◆ ACTION ITEM: Exact copies of the lines from the one holding "Rooted In Presence: An" through the last line of the entries below are to be printed, with pictures omitted.

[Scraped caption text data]
● ● ● ● ●

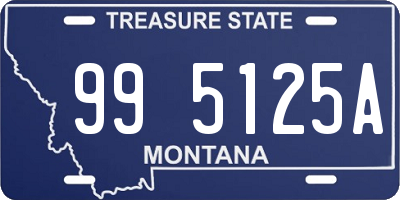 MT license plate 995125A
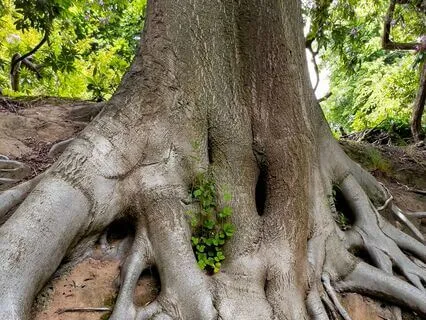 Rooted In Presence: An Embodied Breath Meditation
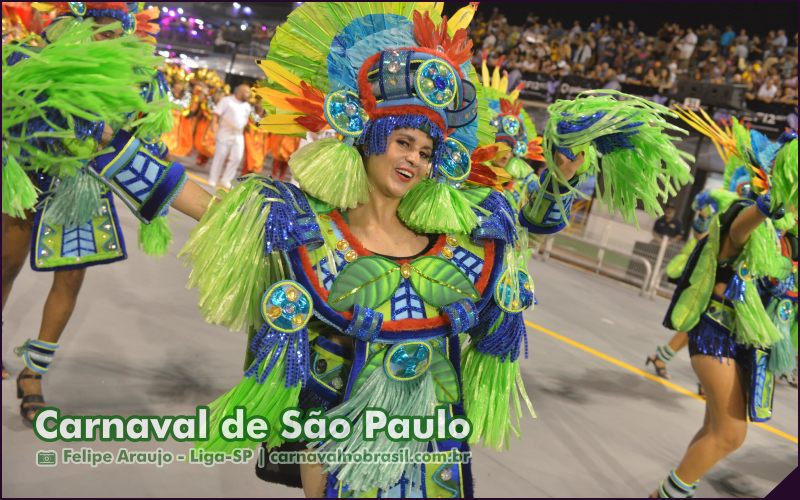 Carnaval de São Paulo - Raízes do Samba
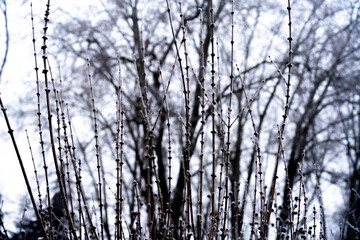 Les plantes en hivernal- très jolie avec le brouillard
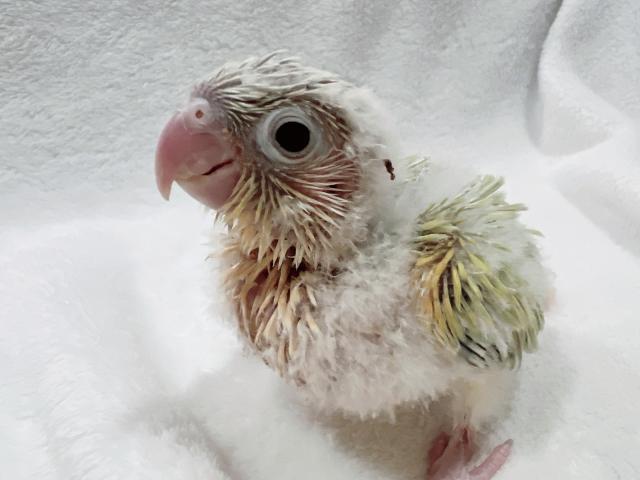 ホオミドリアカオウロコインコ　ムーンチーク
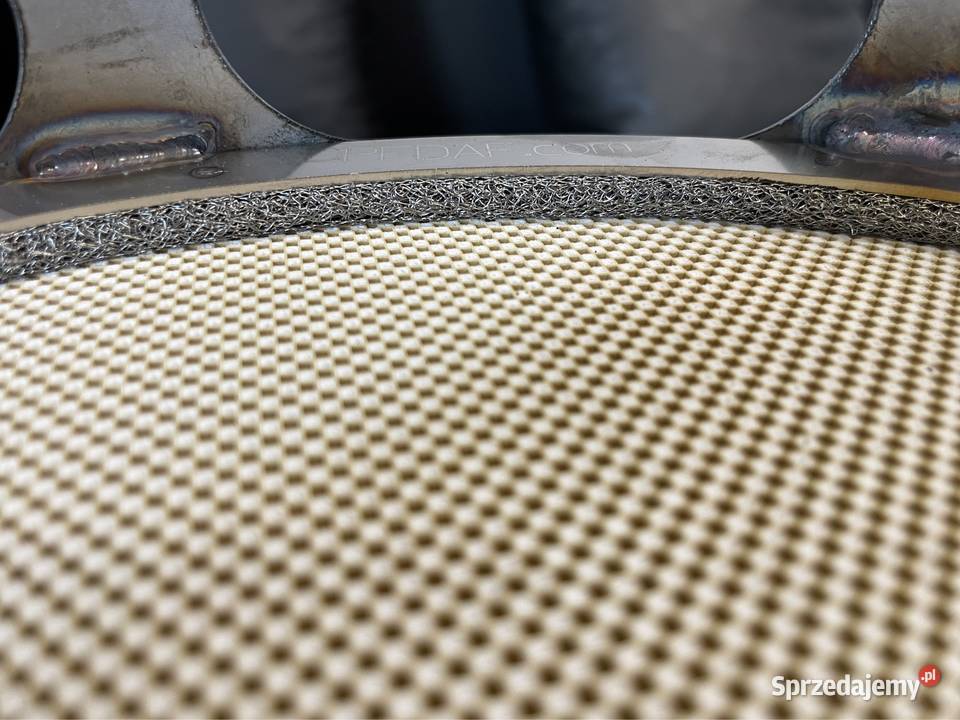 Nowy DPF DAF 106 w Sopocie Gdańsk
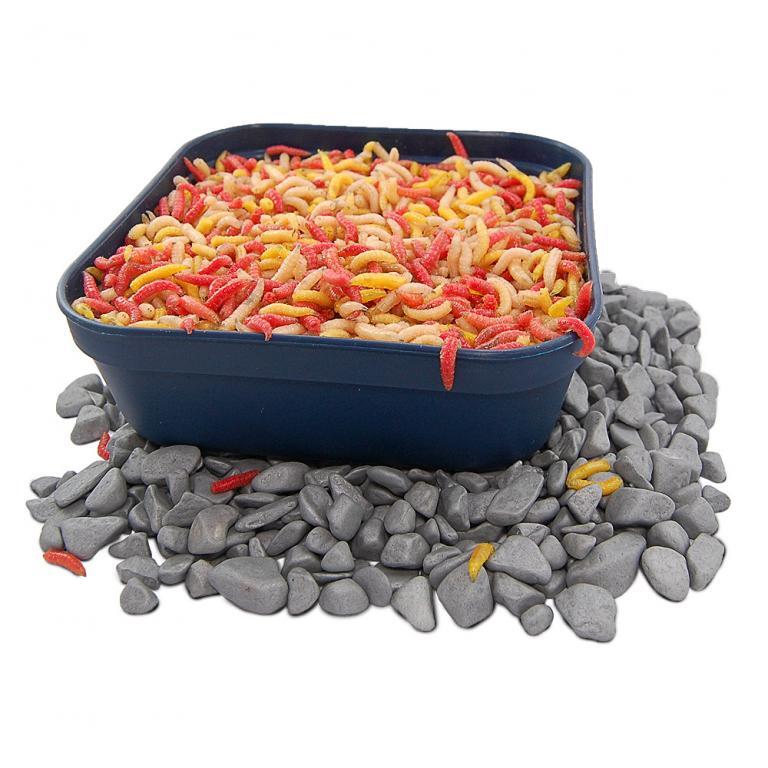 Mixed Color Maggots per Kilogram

● ● ● ● ●

◆ SOLUTION TO THIS PROBLEM:
 Rooted In Presence: An Embodied Breath Meditation
 Carnaval de São Paulo - Raízes do Samba
 Les plantes en hivernal- très jolie avec le brouillard
 ホオミドリアカオウロコインコ　ムーンチーク
 Nowy DPF DAF 106 w Sopocie Gdańsk
 Mixed Color Maggots per Kilogram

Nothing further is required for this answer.